OUR DATA
We took a two-step approach to fulfill this requirement: collecting data ourselves with an EMG sensor and looking for online datasets. Because one of our team members (Tyler) had developed a custom-built EMG sensor for another engineering class, our team had access to data that we can collect ourselves. The data collected by the custom-built EMG sensor was first passed through a bandpass and a notch filter, followed by a root mean square operation, then lastly passed through a low-pass filter (which was designed in MATLAB using the FDA tool) in sequential order. The following lists show the filter specifications for the bandpass, notch, and low-pass filters applied to the data.
Band Pass and Notch Filtering:
60 Hz Notch Filter
50Hz - 150Hz Bandpass Filter
1000 samples/second
Low-Pass Filter:
48000 Hz Sampling Frequency
9600 Hz Passband
12000 Hz Stopband
We then used MATLAB to plot the data in the time domain and frequency domain, and also plotted a spectrogram as seen in Figure 2. While the bandpass and notch filters were carefully applied to the raw sensor output to provide meaningful data (by Tyler and her bio-engineering colleagues), the low-pass filter was designed and applied to the data to demonstrate what types of filtering our team would do as one of the later steps in our project. Consequently, the output of the low-pass filter shows a phase shifting of the RMS Bicep Flexion Data as seen in Figure 2, which is an undesirable behavior that our team will correct as the project progresses.

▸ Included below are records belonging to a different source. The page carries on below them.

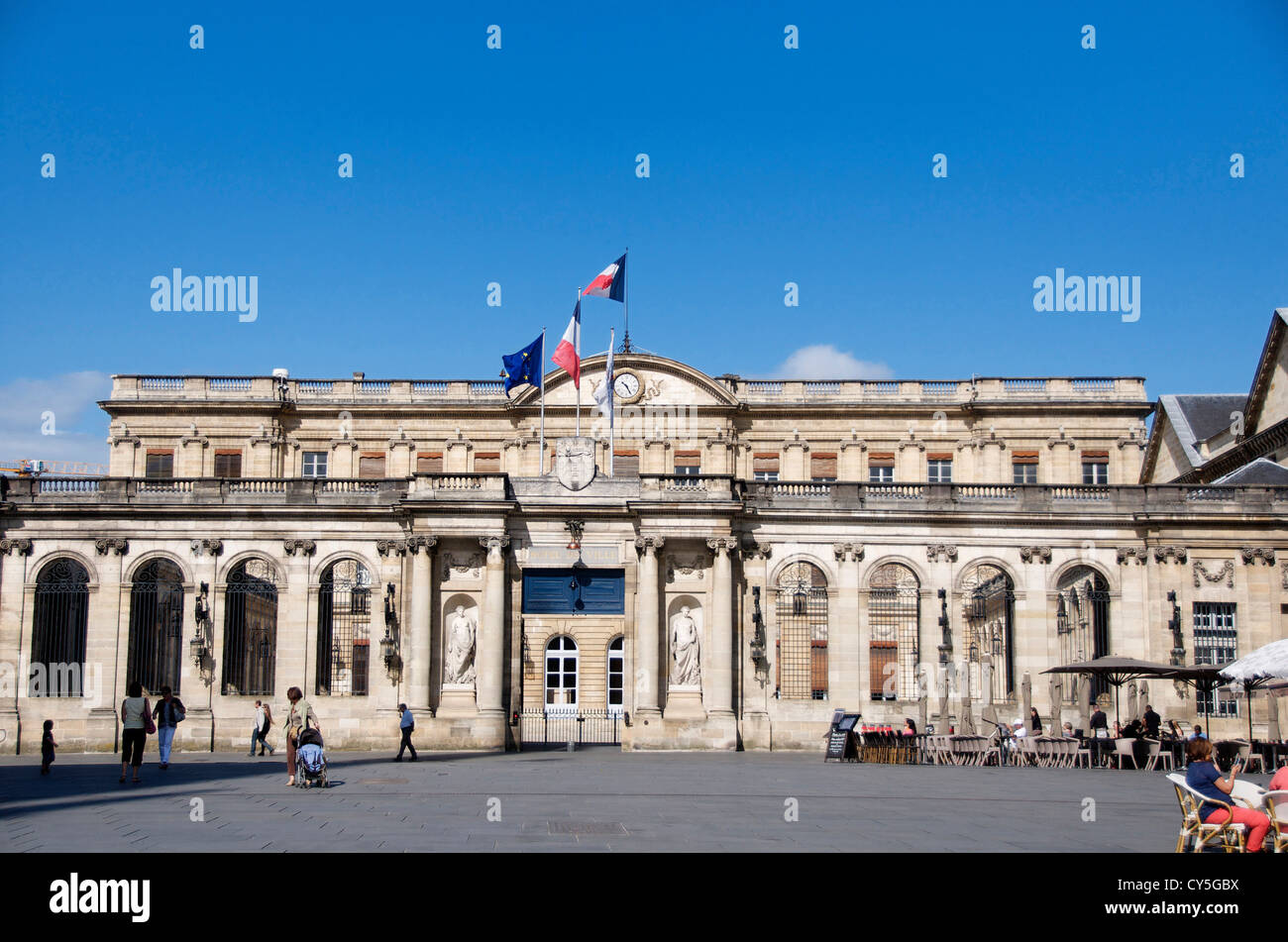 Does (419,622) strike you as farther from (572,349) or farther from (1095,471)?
(1095,471)

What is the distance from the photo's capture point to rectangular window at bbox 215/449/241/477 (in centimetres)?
5766

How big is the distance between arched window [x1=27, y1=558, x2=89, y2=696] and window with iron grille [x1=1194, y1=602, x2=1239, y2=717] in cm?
3273

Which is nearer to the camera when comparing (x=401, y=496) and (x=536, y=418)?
(x=401, y=496)

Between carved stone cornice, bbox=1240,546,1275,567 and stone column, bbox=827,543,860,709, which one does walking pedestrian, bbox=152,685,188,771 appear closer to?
stone column, bbox=827,543,860,709

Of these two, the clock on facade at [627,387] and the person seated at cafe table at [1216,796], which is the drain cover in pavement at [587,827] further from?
the clock on facade at [627,387]

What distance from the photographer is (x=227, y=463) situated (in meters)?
57.8

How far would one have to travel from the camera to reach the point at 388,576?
38594 millimetres

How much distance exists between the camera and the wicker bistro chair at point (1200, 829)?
13.1 m

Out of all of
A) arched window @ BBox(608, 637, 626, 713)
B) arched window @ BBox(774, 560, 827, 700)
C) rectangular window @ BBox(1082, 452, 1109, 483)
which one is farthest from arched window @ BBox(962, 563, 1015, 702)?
rectangular window @ BBox(1082, 452, 1109, 483)

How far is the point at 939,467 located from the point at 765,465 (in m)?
7.74

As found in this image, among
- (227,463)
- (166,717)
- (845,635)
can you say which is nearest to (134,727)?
(166,717) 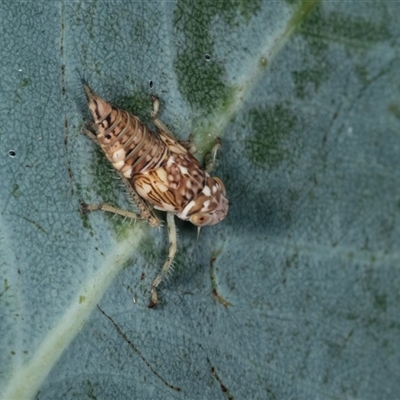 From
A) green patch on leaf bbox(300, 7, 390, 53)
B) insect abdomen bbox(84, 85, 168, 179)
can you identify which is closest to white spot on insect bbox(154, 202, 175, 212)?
insect abdomen bbox(84, 85, 168, 179)

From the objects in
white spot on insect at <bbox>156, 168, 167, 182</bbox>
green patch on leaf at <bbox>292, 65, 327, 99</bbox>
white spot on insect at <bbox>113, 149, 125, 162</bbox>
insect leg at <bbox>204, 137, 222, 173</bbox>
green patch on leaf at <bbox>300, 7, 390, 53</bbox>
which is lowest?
white spot on insect at <bbox>156, 168, 167, 182</bbox>

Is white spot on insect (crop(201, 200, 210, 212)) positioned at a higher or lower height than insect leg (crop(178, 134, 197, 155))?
lower

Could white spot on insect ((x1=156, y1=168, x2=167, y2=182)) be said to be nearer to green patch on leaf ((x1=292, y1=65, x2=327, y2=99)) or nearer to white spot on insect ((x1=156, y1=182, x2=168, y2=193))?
white spot on insect ((x1=156, y1=182, x2=168, y2=193))

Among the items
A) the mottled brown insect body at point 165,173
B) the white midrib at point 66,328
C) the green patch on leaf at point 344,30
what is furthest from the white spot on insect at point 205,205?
the green patch on leaf at point 344,30

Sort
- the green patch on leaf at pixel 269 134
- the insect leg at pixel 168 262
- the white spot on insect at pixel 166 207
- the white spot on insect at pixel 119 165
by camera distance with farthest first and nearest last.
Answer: the green patch on leaf at pixel 269 134, the white spot on insect at pixel 166 207, the insect leg at pixel 168 262, the white spot on insect at pixel 119 165

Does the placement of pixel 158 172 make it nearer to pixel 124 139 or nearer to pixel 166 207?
pixel 166 207

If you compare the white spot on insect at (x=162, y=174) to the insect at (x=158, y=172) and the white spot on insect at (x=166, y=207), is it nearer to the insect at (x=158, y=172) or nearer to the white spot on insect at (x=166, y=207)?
the insect at (x=158, y=172)

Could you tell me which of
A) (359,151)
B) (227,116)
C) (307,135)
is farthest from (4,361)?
(359,151) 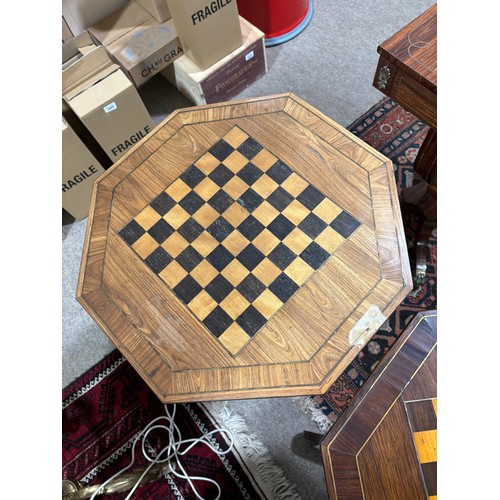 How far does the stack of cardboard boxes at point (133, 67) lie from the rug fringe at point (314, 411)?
125 centimetres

In addition to the data collected with the custom-built EMG sensor, we also looked for online datasets. In particular, one dataset that we found was collected by The University of Copenhagen, which consisted of 16 subjects with either normal or myopathy EMG data [1]. The data was all from a bicep performing isometric contractions. From these 16 patients we were able to collect 408 EMG signals. The number of subjects and trials provided in this dataset would be a great foundation for developing a classifier (see “Next Steps” section). This online dataset was used to complete the second task for the EMG signal processing project.
Figure 2
EMG data taken from a custom made EMG with bandpass and notch Filter (top), root mean square of EMG data (middle), and root mean square sent through a low-pass filter (bottom). The output of the low-pass filter is phase-shifted, which is an undesirable result, but the oscillations near the maximum magnitudes of the plot were nearly eliminated as expected.